Work item: Output nothing but the lines from the line with "Cargador de Pared" through the end of the listing below, both ends included.
**** Material for the task ****
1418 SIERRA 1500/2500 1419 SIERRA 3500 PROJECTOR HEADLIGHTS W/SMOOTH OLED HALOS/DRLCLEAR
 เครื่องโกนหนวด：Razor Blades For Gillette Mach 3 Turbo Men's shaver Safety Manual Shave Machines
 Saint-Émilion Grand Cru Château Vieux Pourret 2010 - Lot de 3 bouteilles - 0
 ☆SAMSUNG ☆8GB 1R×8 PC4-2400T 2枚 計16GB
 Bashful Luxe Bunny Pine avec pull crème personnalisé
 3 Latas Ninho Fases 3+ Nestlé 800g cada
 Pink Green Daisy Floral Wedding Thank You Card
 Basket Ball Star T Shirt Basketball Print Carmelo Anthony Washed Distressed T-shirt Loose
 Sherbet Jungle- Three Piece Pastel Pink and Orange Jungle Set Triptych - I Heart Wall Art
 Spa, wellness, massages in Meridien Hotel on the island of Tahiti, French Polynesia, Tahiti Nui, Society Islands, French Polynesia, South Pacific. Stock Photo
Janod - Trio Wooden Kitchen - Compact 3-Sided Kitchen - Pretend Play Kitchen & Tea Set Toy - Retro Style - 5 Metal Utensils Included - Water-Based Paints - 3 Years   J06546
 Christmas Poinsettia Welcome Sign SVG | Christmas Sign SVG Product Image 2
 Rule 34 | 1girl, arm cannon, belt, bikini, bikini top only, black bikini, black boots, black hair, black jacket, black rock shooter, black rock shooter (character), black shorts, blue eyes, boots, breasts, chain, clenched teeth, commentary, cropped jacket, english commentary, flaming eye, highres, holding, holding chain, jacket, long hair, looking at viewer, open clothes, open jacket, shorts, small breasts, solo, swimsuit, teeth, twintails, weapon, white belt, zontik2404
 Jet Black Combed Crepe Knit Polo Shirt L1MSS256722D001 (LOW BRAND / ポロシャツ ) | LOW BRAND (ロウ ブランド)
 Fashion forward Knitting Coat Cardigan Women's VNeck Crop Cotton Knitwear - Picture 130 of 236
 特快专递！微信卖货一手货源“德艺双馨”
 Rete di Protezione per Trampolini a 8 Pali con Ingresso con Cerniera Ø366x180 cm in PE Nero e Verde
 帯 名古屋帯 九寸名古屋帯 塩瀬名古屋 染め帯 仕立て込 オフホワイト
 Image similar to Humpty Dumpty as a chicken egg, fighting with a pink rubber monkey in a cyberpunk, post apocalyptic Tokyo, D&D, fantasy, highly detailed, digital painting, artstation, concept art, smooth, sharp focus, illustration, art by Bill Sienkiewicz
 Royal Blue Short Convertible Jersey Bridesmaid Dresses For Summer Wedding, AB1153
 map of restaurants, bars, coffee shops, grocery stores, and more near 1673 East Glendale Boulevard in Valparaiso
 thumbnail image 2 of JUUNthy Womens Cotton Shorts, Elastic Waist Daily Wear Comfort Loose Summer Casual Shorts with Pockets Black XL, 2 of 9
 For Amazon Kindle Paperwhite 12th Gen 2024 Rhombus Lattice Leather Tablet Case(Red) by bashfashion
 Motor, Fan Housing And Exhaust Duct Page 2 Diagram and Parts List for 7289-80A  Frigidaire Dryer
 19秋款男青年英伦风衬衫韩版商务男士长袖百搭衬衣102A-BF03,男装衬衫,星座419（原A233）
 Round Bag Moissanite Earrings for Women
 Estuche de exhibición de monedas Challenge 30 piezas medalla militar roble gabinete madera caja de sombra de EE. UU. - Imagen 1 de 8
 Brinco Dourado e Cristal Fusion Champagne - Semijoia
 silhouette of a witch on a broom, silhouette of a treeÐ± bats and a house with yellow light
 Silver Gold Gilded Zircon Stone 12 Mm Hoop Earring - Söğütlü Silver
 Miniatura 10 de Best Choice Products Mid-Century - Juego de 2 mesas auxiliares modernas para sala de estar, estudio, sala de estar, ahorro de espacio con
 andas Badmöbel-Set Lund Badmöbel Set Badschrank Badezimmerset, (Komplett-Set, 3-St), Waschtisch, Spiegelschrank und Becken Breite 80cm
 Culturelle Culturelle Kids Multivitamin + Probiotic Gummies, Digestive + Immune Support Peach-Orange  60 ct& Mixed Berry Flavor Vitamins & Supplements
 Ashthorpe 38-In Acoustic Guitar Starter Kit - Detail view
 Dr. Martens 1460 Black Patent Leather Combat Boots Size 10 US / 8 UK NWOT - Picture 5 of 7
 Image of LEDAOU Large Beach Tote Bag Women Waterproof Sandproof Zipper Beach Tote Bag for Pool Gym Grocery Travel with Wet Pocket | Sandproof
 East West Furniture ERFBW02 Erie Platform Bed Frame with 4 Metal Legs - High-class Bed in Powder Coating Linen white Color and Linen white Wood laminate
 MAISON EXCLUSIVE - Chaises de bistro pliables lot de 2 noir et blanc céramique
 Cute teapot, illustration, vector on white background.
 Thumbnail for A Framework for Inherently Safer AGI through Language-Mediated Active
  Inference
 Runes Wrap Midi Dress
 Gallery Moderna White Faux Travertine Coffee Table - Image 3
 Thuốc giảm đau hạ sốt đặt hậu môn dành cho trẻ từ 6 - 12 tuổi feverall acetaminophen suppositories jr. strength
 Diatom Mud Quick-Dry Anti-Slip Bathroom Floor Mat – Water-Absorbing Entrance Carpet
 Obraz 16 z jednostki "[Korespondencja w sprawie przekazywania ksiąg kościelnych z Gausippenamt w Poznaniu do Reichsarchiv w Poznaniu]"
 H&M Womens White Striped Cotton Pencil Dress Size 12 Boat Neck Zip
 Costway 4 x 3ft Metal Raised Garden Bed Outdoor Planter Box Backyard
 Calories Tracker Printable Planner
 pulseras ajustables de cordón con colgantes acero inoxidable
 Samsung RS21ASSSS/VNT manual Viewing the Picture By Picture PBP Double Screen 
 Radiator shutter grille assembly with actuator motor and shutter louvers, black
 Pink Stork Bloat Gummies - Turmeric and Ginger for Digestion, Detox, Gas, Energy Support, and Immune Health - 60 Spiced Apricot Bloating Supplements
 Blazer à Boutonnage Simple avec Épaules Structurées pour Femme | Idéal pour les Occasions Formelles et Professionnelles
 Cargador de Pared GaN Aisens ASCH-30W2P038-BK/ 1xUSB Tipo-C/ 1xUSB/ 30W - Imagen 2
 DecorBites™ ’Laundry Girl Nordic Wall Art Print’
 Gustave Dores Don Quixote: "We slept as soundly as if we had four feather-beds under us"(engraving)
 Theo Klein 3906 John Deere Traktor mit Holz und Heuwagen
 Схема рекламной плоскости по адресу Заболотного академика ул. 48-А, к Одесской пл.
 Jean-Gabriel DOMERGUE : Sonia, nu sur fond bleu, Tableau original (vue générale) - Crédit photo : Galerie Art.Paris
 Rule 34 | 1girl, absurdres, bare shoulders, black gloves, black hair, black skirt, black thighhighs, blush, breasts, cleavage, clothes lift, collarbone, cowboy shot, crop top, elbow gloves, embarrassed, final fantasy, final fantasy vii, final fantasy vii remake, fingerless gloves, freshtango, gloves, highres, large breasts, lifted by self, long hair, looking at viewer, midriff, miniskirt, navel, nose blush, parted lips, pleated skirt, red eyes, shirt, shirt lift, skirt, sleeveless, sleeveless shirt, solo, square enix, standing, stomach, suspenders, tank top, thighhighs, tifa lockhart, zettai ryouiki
****
Written answer:
 Cargador de Pared GaN Aisens ASCH-30W2P038-BK/ 1xUSB Tipo-C/ 1xUSB/ 30W - Imagen 2
 DecorBites™ ’Laundry Girl Nordic Wall Art Print’
 Gustave Dores Don Quixote: "We slept as soundly as if we had four feather-beds under us"(engraving)
 Theo Klein 3906 John Deere Traktor mit Holz und Heuwagen
 Схема рекламной плоскости по адресу Заболотного академика ул. 48-А, к Одесской пл.
 Jean-Gabriel DOMERGUE : Sonia, nu sur fond bleu, Tableau original (vue générale) - Crédit photo : Galerie Art.Paris
 Rule 34 | 1girl, absurdres, bare shoulders, black gloves, black hair, black skirt, black thighhighs, blush, breasts, cleavage, clothes lift, collarbone, cowboy shot, crop top, elbow gloves, embarrassed, final fantasy, final fantasy vii, final fantasy vii remake, fingerless gloves, freshtango, gloves, highres, large breasts, lifted by self, long hair, looking at viewer, midriff, miniskirt, navel, nose blush, parted lips, pleated skirt, red eyes, shirt, shirt lift, skirt, sleeveless, sleeveless shirt, solo, square enix, standing, stomach, suspenders, tank top, thighhighs, tifa lockhart, zettai ryouiki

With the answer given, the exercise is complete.